Start of MATERIAL PROVIDED
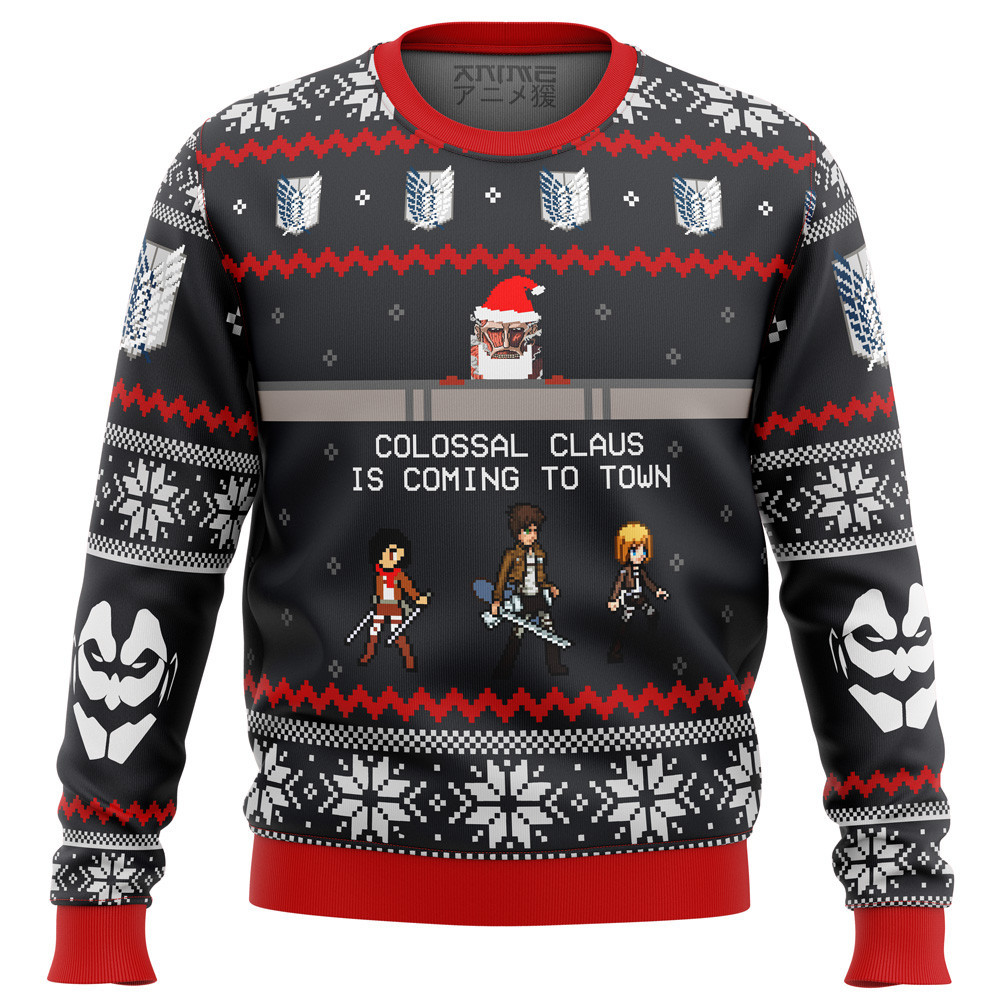 Attack On Titan Colossal Claus Ugly Christmas Sweater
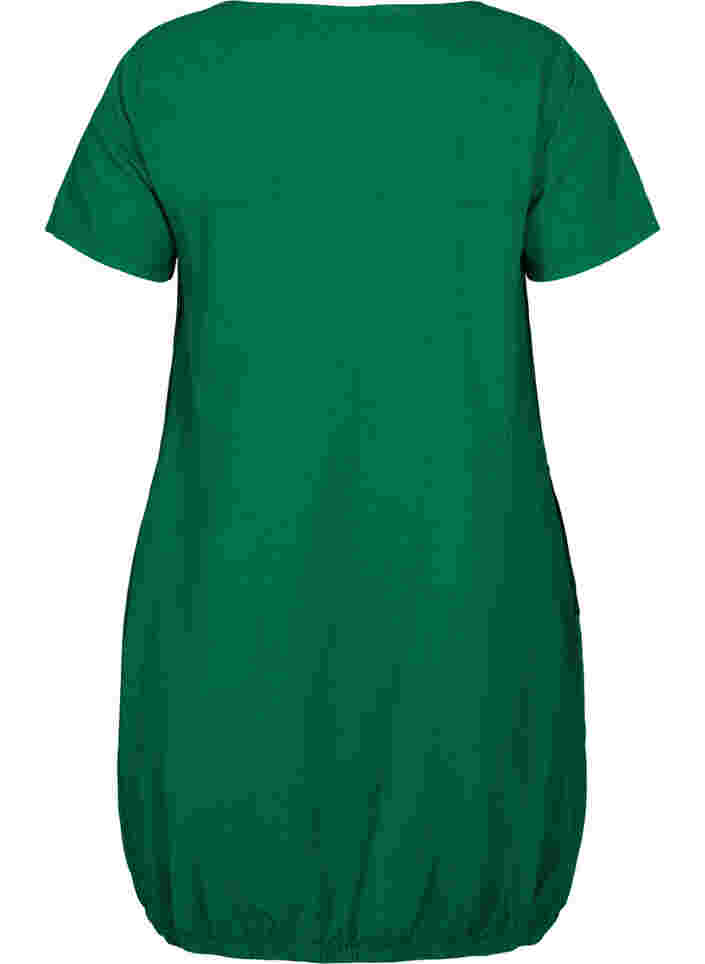 Kortermet kjole i bomull, Verdant Green, Packshot image number 1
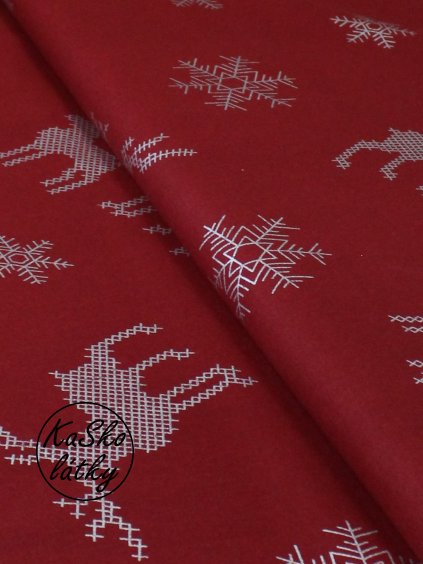 Bavlněná látka sobi a vločky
End of MATERIAL PROVIDED
#### WORK REQUIRED:
Please give the data again in full, exactly as written, but without any images.

#### EXPECTED ANSWER:
 Attack On Titan Colossal Claus Ugly Christmas Sweater
 Kortermet kjole i bomull, Verdant Green, Packshot image number 1
 Bavlněná látka sobi a vločky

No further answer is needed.